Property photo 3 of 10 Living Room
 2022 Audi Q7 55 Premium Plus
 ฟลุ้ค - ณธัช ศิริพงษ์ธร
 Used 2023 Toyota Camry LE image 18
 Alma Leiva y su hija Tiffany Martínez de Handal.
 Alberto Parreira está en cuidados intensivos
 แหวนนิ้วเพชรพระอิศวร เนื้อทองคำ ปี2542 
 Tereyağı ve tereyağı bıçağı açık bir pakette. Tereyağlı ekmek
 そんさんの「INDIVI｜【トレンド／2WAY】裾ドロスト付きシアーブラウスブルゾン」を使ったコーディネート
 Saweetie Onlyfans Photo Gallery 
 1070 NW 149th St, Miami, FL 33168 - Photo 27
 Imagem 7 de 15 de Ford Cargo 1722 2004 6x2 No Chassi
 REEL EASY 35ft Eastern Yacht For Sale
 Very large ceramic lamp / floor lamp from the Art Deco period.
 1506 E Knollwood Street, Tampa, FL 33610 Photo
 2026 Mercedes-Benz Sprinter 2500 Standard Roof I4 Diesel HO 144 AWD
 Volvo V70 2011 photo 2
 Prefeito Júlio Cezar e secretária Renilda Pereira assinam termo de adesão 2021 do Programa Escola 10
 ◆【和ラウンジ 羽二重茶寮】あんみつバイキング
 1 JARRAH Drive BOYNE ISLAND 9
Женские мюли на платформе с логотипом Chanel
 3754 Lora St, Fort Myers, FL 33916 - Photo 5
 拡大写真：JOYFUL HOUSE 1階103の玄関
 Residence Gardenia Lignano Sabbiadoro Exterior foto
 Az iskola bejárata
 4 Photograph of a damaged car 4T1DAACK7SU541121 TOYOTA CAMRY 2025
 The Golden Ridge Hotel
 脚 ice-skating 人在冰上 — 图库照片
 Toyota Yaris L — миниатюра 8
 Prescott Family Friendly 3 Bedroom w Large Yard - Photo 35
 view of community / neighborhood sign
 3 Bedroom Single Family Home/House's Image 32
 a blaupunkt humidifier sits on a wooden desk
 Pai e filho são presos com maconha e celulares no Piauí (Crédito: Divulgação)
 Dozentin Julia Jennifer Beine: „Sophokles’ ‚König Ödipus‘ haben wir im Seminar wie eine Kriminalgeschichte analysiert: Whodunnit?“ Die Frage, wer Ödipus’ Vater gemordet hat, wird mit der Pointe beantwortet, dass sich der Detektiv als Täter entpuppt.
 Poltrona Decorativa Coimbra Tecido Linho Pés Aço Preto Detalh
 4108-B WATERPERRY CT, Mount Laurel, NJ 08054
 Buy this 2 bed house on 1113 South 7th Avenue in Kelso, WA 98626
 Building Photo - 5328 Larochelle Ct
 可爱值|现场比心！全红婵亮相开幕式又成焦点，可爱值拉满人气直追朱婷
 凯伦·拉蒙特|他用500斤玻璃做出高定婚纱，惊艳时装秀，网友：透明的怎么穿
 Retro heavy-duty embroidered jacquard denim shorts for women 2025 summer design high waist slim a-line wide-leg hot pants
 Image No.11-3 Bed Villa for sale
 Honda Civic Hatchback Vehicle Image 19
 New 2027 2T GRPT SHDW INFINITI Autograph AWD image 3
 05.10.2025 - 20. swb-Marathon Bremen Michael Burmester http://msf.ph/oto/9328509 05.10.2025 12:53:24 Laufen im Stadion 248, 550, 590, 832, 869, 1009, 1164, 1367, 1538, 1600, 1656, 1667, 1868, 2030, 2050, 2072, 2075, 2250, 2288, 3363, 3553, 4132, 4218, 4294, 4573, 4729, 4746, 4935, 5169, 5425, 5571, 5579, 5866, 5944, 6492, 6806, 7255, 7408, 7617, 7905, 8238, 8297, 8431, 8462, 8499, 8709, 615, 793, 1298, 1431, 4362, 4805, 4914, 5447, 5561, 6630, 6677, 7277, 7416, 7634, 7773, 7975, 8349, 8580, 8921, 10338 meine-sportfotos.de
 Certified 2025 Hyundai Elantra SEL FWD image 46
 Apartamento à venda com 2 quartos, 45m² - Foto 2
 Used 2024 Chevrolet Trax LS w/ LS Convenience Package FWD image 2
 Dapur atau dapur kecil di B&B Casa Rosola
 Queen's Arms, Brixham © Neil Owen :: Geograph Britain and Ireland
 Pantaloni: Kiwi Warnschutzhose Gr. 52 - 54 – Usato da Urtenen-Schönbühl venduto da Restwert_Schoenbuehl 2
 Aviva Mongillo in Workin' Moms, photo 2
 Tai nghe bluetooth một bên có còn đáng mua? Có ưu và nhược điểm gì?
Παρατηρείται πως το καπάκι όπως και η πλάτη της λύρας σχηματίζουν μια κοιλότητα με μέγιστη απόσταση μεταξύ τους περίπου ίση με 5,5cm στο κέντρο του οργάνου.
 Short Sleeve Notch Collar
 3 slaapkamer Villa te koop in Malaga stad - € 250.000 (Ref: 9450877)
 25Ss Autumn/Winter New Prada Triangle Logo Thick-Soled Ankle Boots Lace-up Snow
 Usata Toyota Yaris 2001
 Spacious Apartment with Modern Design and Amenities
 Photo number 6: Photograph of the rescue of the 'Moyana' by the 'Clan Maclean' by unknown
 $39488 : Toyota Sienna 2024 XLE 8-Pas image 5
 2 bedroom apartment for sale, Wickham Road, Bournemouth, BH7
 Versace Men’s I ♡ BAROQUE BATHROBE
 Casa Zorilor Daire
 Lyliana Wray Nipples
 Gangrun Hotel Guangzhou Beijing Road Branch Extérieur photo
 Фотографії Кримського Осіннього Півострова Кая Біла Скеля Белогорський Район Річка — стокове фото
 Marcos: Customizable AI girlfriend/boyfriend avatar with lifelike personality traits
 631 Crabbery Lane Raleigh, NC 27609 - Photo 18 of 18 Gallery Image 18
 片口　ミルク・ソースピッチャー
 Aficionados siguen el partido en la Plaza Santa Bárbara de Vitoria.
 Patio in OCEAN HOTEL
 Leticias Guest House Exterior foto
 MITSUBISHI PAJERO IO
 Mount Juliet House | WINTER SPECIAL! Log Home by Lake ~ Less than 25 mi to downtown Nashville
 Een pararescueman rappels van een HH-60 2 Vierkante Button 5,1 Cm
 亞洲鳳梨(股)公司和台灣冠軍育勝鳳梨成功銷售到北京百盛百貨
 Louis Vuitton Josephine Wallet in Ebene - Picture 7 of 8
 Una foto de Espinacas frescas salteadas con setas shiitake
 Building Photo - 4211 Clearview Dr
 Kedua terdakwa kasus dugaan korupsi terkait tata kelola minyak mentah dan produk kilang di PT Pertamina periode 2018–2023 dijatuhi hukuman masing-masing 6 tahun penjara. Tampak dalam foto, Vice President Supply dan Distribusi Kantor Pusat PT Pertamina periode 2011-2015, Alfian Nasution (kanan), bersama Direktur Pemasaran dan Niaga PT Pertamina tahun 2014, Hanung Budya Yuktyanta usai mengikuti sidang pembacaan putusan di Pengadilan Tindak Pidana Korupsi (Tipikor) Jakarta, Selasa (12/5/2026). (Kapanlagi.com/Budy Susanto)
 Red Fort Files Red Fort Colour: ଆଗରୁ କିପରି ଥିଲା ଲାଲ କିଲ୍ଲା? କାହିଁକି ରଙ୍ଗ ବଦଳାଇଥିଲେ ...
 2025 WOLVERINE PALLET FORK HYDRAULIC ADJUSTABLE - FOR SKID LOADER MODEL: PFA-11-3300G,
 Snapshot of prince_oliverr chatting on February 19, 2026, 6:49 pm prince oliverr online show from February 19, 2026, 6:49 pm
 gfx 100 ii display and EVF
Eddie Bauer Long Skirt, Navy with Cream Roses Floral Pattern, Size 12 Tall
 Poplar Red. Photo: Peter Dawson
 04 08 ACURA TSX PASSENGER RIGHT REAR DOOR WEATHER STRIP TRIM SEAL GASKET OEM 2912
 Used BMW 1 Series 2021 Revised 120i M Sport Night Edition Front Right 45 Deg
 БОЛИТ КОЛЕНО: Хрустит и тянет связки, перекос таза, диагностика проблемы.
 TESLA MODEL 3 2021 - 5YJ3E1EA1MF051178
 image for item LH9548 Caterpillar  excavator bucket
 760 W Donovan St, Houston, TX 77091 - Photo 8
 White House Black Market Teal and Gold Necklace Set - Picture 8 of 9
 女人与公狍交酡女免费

- - - - -

=== Your goal ===
Look back at the entries above and repeat, unchanged, every line from the line holding "2022 Audi Q7 55 Premium Plus" through the line holding "Pai e filho".

=== Solution ===
 2022 Audi Q7 55 Premium Plus
 ฟลุ้ค - ณธัช ศิริพงษ์ธร
 Used 2023 Toyota Camry LE image 18
 Alma Leiva y su hija Tiffany Martínez de Handal.
 Alberto Parreira está en cuidados intensivos
 แหวนนิ้วเพชรพระอิศวร เนื้อทองคำ ปี2542 
 Tereyağı ve tereyağı bıçağı açık bir pakette. Tereyağlı ekmek
 そんさんの「INDIVI｜【トレンド／2WAY】裾ドロスト付きシアーブラウスブルゾン」を使ったコーディネート
 Saweetie Onlyfans Photo Gallery 
 1070 NW 149th St, Miami, FL 33168 - Photo 27
 Imagem 7 de 15 de Ford Cargo 1722 2004 6x2 No Chassi
 REEL EASY 35ft Eastern Yacht For Sale
 Very large ceramic lamp / floor lamp from the Art Deco period.
 1506 E Knollwood Street, Tampa, FL 33610 Photo
 2026 Mercedes-Benz Sprinter 2500 Standard Roof I4 Diesel HO 144 AWD
 Volvo V70 2011 photo 2
 Prefeito Júlio Cezar e secretária Renilda Pereira assinam termo de adesão 2021 do Programa Escola 10
 ◆【和ラウンジ 羽二重茶寮】あんみつバイキング
 1 JARRAH Drive BOYNE ISLAND 9
Женские мюли на платформе с логотипом Chanel
 3754 Lora St, Fort Myers, FL 33916 - Photo 5
 拡大写真：JOYFUL HOUSE 1階103の玄関
 Residence Gardenia Lignano Sabbiadoro Exterior foto
 Az iskola bejárata
 4 Photograph of a damaged car 4T1DAACK7SU541121 TOYOTA CAMRY 2025
 The Golden Ridge Hotel
 脚 ice-skating 人在冰上 — 图库照片
 Toyota Yaris L — миниатюра 8
 Prescott Family Friendly 3 Bedroom w Large Yard - Photo 35
 view of community / neighborhood sign
 3 Bedroom Single Family Home/House's Image 32
 a blaupunkt humidifier sits on a wooden desk
 Pai e filho são presos com maconha e celulares no Piauí (Crédito: Divulgação)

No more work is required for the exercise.